I let the tests finish last night and generic/231 is failing around
10-20% of the time prior to your patch series. I just didn't notice it
at first because the failure happened at the very end:
xfstests results 201604270033 - 4.6.0-rc4-ext4
Passed all 1 tests
Passed all 1 tests
Passed all 1 tests
Passed all 1 tests
Passed all 1 tests
Passed all 1 tests
Passed all 1 tests
Passed all 1 tests
Failures: generic/231
Failures: generic/231
With your patches, it remains at about the same level, but when the
tests failed caused me to assume they were the caused by your patches.
xfstests results 201604270044 - 4.6.0-rc4-ext4-00007-g76bee81 (Just before your patches)
Passed all 1 tests
Passed all 1 tests
Passed all 1 tests
Passed all 1 tests
Failures: generic/231
Passed all 1 tests
Passed all 1 tests
Passed all 1 tests
Failures: generic/231
Passed all 1 tests
xfstests results 201604270054 - 4.6.0-rc4-ext4-00008-g31cedaa (Your 1/3 patch)
Passed all 1 tests
Passed all 1 tests
Passed all 1 tests
Failures: generic/231
Passed all 1 tests
Passed all 1 tests
Passed all 1 tests
Passed all 1 tests
Passed all 1 tests
Passed all 1 tests
xfstests results 201604270052 - 4.6.0-rc4-ext4-00009-g46ceec9 (Your 2/3 patch)
Failures: generic/231 <=== this is why I thought this commit was the regression
Passed all 1 tests
Passed all 1 tests
Passed all 1 tests
Passed all 1 tests
Passed all 1 tests
Passed all 1 tests
Passed all 1 tests
Passed all 1 tests
Failures: generic/231
xfstests results 201604270046 - 4.6.0-rc4-ext4-00010-geed525e (Your 3/3 patch)
Failures: generic/231
Failures: generic/231
Failures: generic/231
Failures: generic/231
Failures: generic/231
Passed all 1 tests
Passed all 1 tests
Passed all 1 tests
Passed all 1 tests
Failures: generic/231
So enabling per-file data journalling and delalloc is definitely makes
the problem much more visible, but it looks like it was always there.
Apologies for the initial misdiagnosis....
- Ted
Hi Ted,
I fully understood your words and I have been executing generic/231 test case
again and again with linux-4.6.0-rc4, linux-4.6.0-rc5 and the latest source codes
of ext4 git server.
But, whenever I execute the test case, it is always passed.

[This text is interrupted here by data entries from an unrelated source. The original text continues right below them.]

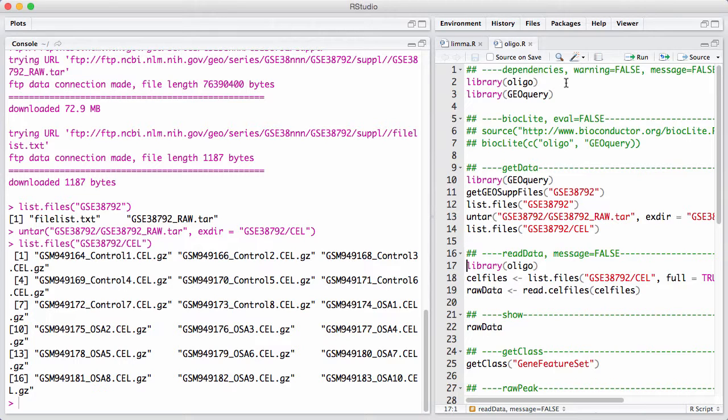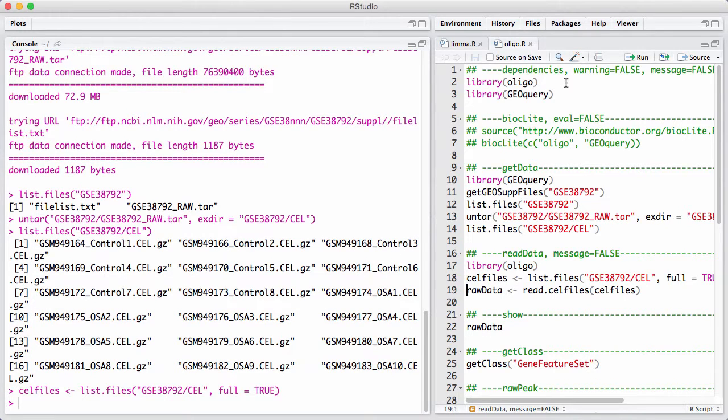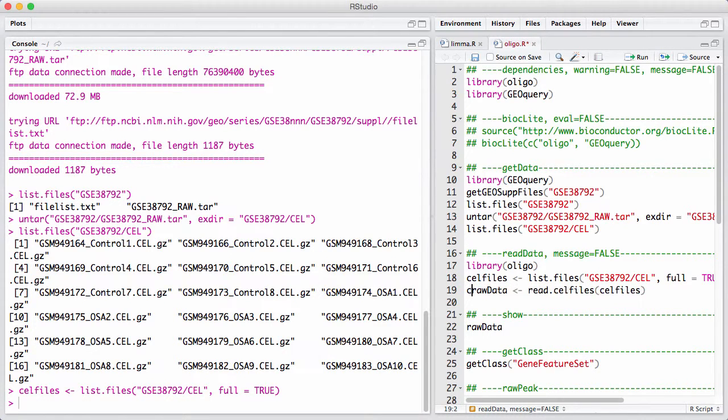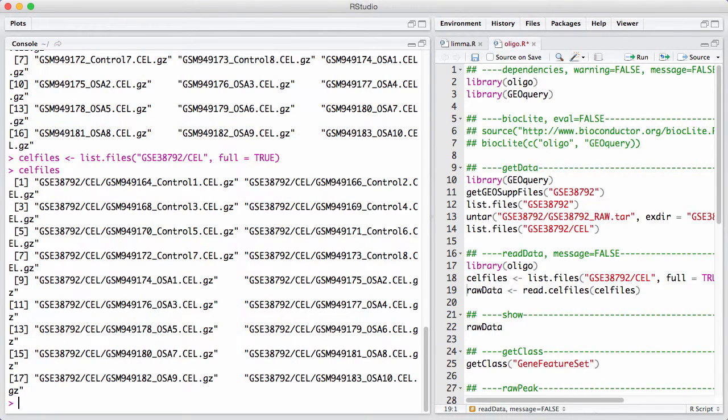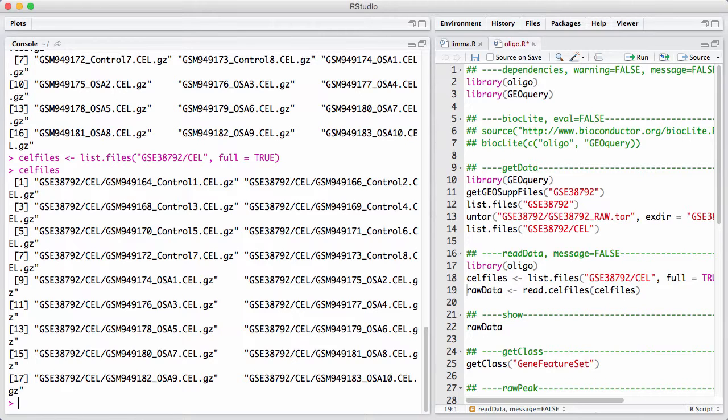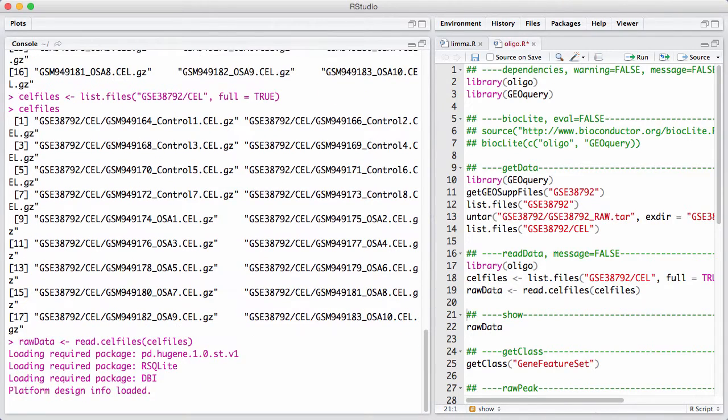We obtain a list of our CEL files with the full name. All we have here is just a list of these file names here with the full path to it. And then, as we often have in Bioconductor, we have convenience functions that read this data into a data container. Let's execute this.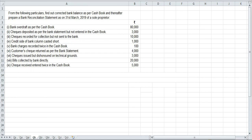Hello students. Here is another question where we have to prepare the amended cash book and then the bank reconciliation statement. In this question, it is not written that we have to prepare adjusted or amended cash book. But when you see the words 'find out corrected balance as per cash book,' that tells you. Here it says: find out corrected balance as per cash book and thereafter prepare a bank reconciliation statement as on 31st March 2019 of a sole proprietor.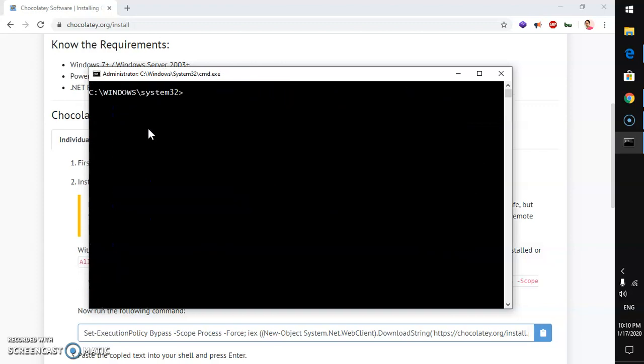Now I assume that you already have Chocolaty installed. To install Python on Microsoft Windows with CMD, we will run this Chocolaty install command. Simply say Chocolaty install and say Python and this is going to install the most latest version of Python on Microsoft Windows 10 and set it to the system variable path as well. You don't have to do anything manually.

I think the difference of the test results is originated from the difference between
your test environment and mine, however I cannot figure out that.
Actually, I just used kvm-xftests because GCE site cannot be accessed in
our company by security reasons.
Could you suggest some directions for me?